Last Friday afternoon, I was taken back some 25 or more to the years, as I attended the Peter Combe Christmas Concert, where he performed (and I sang along to at least silently and at times out loud) most of the 16 songs on “The Peter Combe Christmas Album” that he had released in 1990 and was very much part of the Christmases we shared with our children.  John and I probably enjoyed the concert last Friday more than our two daughters and our granddaughter, who came with us, although Matilda at 16 months, was entranced each time she saw a baby.  
One of the songs was Chocka-a block.  It got stuck in my head- earworm, I think it is called. I don’t remember it doing so 25 years ago but for the last 4 days the song has not wanted to leave the space between my ears, rather repeating over and over again.

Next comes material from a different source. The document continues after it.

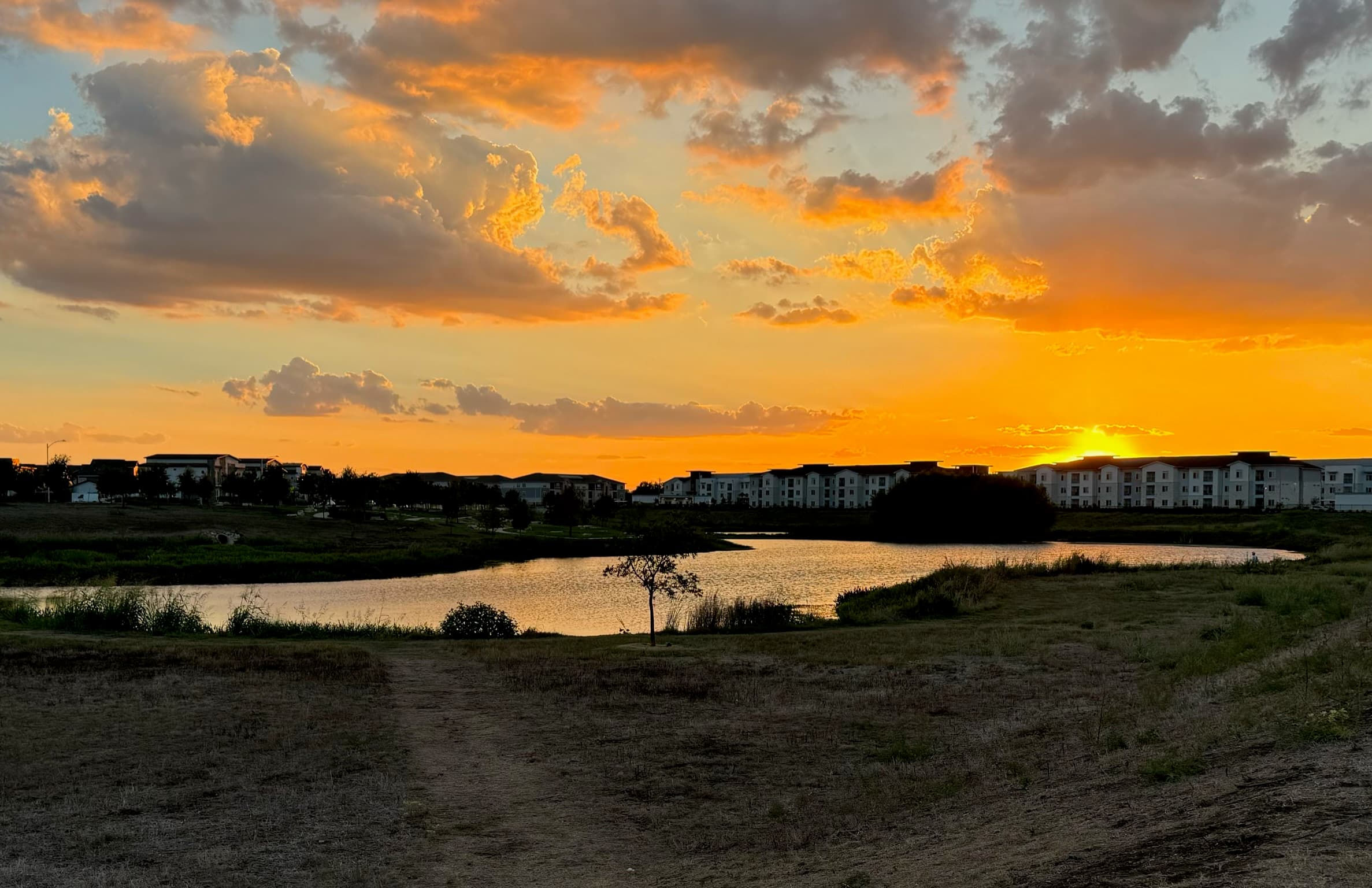 Whitter Pond sunset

Chocka-a block by Peter Combe
Nup, nup, no room in the inn – sorry
Nup, can’t be done, no room in the inn
Absolutely impossible.

We’re chock -a- block as a matter of fact
Every room full you couldn’t swing a cat.
Sorry about this situation
But there’s nothing that I can do
When you’re full, you’re full
And we’re full – sorry!
Chock -a -block, chock -a -block
Chock -a -block as a matter of fact.

He’s sorry about the situation
But there’s nothing that he can do
When you’re full, you’re full
And they’re full – sorry
Chock -a -block, chock -a -block
Chock -a -block as a matter of fact.

And as it whizzes around my already cluttered mind, the “No Vacancies” signs in the guest houses, B and Bs and Hotels of Llandudno reappear.  While walking the streets of this seaside resort town on the north coast of Wales, during the last week of by sabbatical, I was struck by how many places had “No Vacancies” signs up, despite being well and truly out of the tourist season.  Was really every bed in the establishment full?  In a few places that may have been the case, for certainly some seemed to have lots of people sitting at the breakfast tables or lugging bags off the bus parked outside the door, but I suspect many, despite the signs, were in fact unoccupied, with the owners taking the opportunity of low season to get some rest, maybe take a holiday themselves or carry out renovations in time for the next wave of guests. 

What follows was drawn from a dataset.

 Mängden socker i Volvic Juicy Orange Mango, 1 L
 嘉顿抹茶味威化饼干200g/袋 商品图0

As I walked Llandudno, as Chocka-block ricochets around my head, my mind wanders back to Luke’s infancy narrative and the verses:


“Now it happened that, while Mary and Joseph were there in Bethlehem, the time came for Mary to have her child, and she gave birth to a son, her first-born. She wrapped him in swaddling clothes and laid him in a manger because there was no room for them in the living-space*.”
* In some translations: inn/ guest house, lodging place.

Then on Facebook the following posting from “The Contemplative Monk” had popped up on multiple occasions in recent days:
“Each of us is an Innkeeper who decides if there is room for Jesus.”



And so I find myself asking questions.
Is there room for Christ in my Christmas this year? 
Can I make room or more room for what is waiting to be born at this time?
What needs to be discarded to create a vacancy?
Do I need to say no, I am chock-block, full, with no room available, such that the necessary renovations can take happen and the space prepared for the new guests to arrive in the coming season? 
Or by saying no and hanging up the "No Vacancy" sign, am I not only overlooking the opportunity to welcome the stranger but forgetting that in doing so I am in fact oblivious to the Divine presence being born in this particular moment?
How do I respond to our government, elected by the people to make decisions on our behalf, that is not only saying that there is there no room here for asylum seekers fleeing their homeland and arriving by boat, but imprisoning, abusing and neglecting their most basic needs, so as to discourage others from fleeing persecution making their way to this vast and potentially hospitable country? 
So, so many questions.  May I be empty enough to be able to hear them, live them.  May I live the questions with integrity, love and compassion.